2007 Paris, France
In June of 2007, we visited Barcelona, and then took an overnight train ride to Paris, the capital city of France. We also spent one day in the Chateau de Versailles, often referred to as the royal Palace of Versailles.
Notre Dame de Paris, often known simply as Notre Dame in English, is a Gothic cathedral on the eastern half of the Île de la Cité in Paris, France, with its main entrance to the west. It is still used as a Roman Catholic cathedral and is the seat of the Archbishop of Paris. Notre Dame de Paris is widely considered one of the finest examples of French Gothic architecture. It was restored and saved from destruction by Viollet-le-Duc, one of France’s most famous architects. Notre Dame translates as “Our Lady” from French.
The Arc de Triomphe is a monument in Paris that stands in the centre of the Place Charles de Gaulle, formerly the Place de l’Étoile, at the western end of the Champs-Élysées. The arch honours those who fought for France, particularly during the Napoleonic Wars, and today also includes the tomb of the unknown soldier.
The Louvre Museum (French: Musée du Louvre) in Paris, France, is the most visited and one of the oldest, largest, and most famous art galleries and museums in the world. The Louvre has a long history of artistic and historic conservation, inaugurated in the Capetian dynasty until today.
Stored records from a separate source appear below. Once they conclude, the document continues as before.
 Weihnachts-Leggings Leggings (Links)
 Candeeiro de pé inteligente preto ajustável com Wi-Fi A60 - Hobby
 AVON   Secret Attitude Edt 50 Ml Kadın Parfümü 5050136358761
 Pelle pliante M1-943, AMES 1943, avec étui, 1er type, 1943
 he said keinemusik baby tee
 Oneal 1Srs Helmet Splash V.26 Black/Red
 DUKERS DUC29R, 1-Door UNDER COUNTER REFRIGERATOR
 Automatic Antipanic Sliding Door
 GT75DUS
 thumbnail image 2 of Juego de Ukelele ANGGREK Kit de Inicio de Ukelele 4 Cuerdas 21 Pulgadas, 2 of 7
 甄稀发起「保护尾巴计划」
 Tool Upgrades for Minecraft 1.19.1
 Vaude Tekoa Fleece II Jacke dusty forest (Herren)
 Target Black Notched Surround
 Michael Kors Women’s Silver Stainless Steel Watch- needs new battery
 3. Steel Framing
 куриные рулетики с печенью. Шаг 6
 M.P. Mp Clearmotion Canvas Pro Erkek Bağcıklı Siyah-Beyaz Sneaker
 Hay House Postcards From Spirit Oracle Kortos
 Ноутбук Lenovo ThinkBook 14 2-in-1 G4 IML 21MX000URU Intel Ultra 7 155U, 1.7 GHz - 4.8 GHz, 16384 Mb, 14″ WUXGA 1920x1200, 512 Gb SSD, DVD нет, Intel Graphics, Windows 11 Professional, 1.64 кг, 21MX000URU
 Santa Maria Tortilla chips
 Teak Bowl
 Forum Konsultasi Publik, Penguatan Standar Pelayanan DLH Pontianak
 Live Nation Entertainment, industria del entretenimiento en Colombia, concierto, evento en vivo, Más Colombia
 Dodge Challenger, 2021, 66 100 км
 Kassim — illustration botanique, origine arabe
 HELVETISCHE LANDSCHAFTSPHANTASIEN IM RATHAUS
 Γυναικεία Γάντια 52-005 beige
The Eiffel Tower is an iron tower built on the Champ de Mars beside the River Seine in Paris, France. It is the tallest structure in Paris and one of the most recognized monuments in the world. Named after its designer, engineer Gustave Eiffel, the Eiffel Tower is the most visited monument in the world.
In English it is often referred to as the Palace of Versailles. When the château was built, Versailles was a country village, but it is now a suburb of Paris. From 1682, when King Louis XIV moved from Paris, until the royal family was forced to return to the capital in 1789, the Court of Versailles was the center of power in Ancien Régime France.
The Hall of Mirrors is one of the main attractions at the Chateau de Versailles. As the central feature of Louis XIV’s third building campaign, construction on the galerie des glaces — The Hall of Mirrors — began in 1678. The principal feature of the room is the seventeen mirror-clad arches that reflect the seventeen arcaded windows that overlook the gardens. Each arch contains twenty-one mirrors with a total complement of 357 used in the decoration of the galerie des glaces.